In the next step, I'll work on a similarity metric to compare and cluster relay descriptors. That should help with manual analysis.
Cheers, Philipp
On Thu, Jan 15, 2015 at 10:25 AM, Philipp Winter phw@nymity.ch wrote:
The median amount of new fingerprints in a consensus is six. The Here are some preliminary notes about the most significant spikes. I'll
2008-10-25: Missing consensuses.
FYI, between here there was thread tor-talk 'many new relays' of possible event around end 2009-06 to begining 2009-07. Along with usual posts of people about potential things to detect.
2010-06-26: Several hundred PlanetLab relays came online. At least
On Thu, Jan 15, 2015 at 06:11:25PM -0500, grarpamp wrote:
On Thu, Jan 15, 2015 at 10:25 AM, Philipp Winter phw@nymity.ch wrote:
The median amount of new fingerprints in a consensus is six.
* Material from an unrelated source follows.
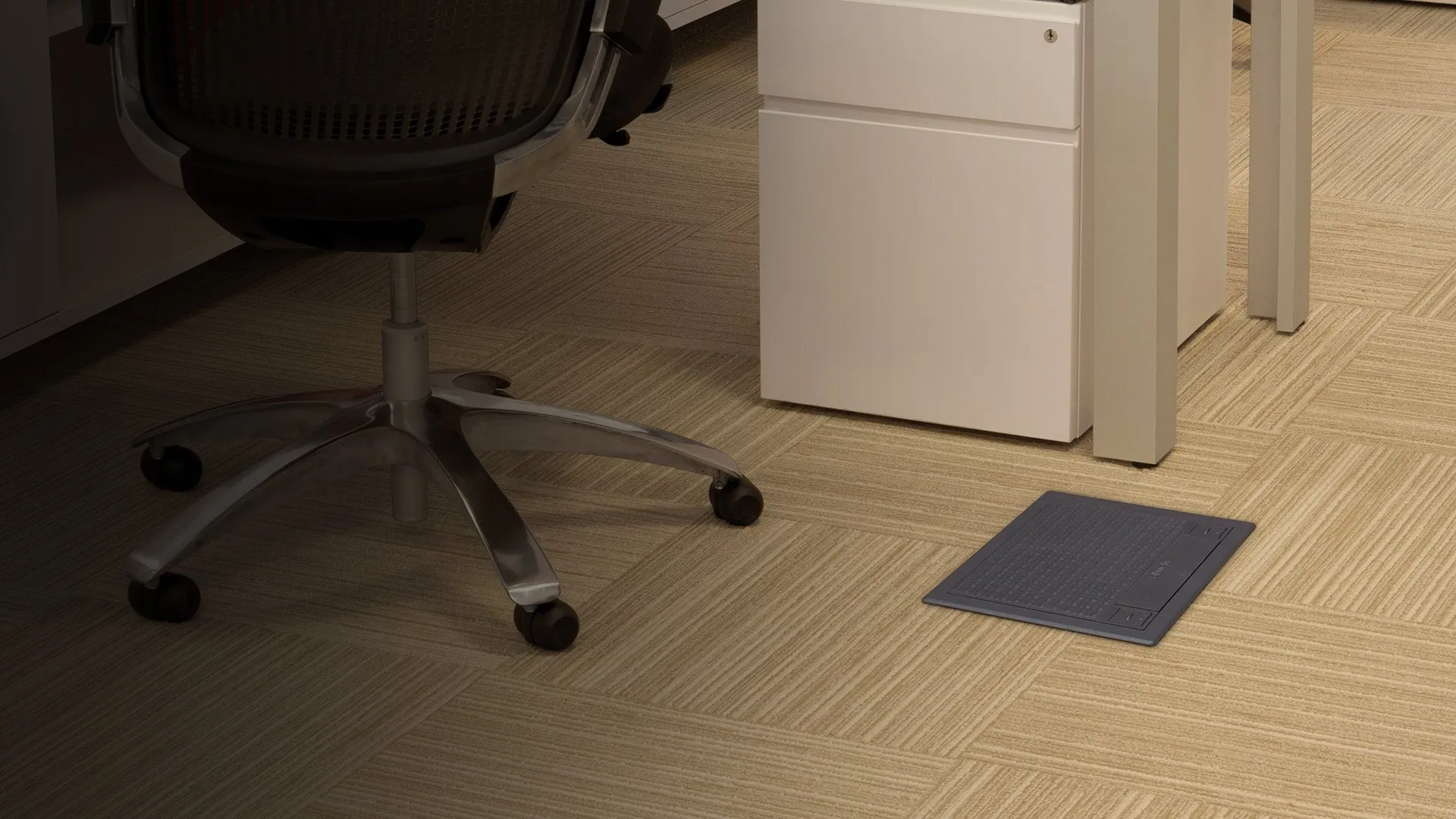 Ambiente de oficina con suelo de madera: silla de despacho sobre una caja de suelo Simon S instalada y conectada.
The Here are some preliminary notes about the most significant spikes. I'll
2008-10-25: Missing consensuses.
FYI, between here there was thread tor-talk 'many new relays' of possible event around end 2009-06 to begining 2009-07. Along with usual posts of people about potential things to detect.
Interesting, thanks for pointing this out. This event is visible in the diagram but not as a sudden spike but more as a temporary increase in the base rate: http://www.nymity.ch/new_fingerprints/2009_new_fingerprints.png
This event also shows why a simple threshold-based detection mechanism is insufficient: Sybils can be added slowly over several hours or days in order to stay under the threshold.
Cheers, Philipp
On Mon, Jan 19, 2015 at 11:47 AM, Philipp Winter phw@nymity.ch wrote:
On Thu, Jan 15, 2015 at 06:11:25PM -0500, grarpamp wrote:
FYI, between here there was thread tor-talk 'many new relays' of possible event around end 2009-06 to begining 2009-07. Along with usual posts of people about potential things to detect.
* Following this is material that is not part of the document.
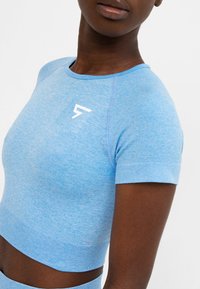 Detailní záběr osoby v světle modrém sportovním crop topu s krátkým rukávem a bílým logem na hrudi na bílém pozadí.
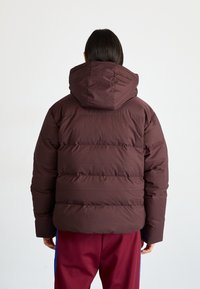 Smeđi puffa jakna s horizontalnim quilting dizajnom i kapuljačom. Ima gustu, podstavljenu teksturu. Stražnji pogled pokazuje elastičnu obrubu odjeće.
Interesting, thanks for pointing this out. This event is visible in the diagram but not as a sudden spike but more as a temporary increase in the base rate: http://www.nymity.ch/new_fingerprints/2009_new_fingerprints.png
Cool, nice to see this graphed, really obvious something happened.
This event also shows why a simple threshold-based detection mechanism is insufficient: Sybils can be added slowly over several hours or days in order to stay under the threshold.
Re detection methods, consider some examination of exceeded bounds within first and second derivatives of various data you are collection, RRD, etc.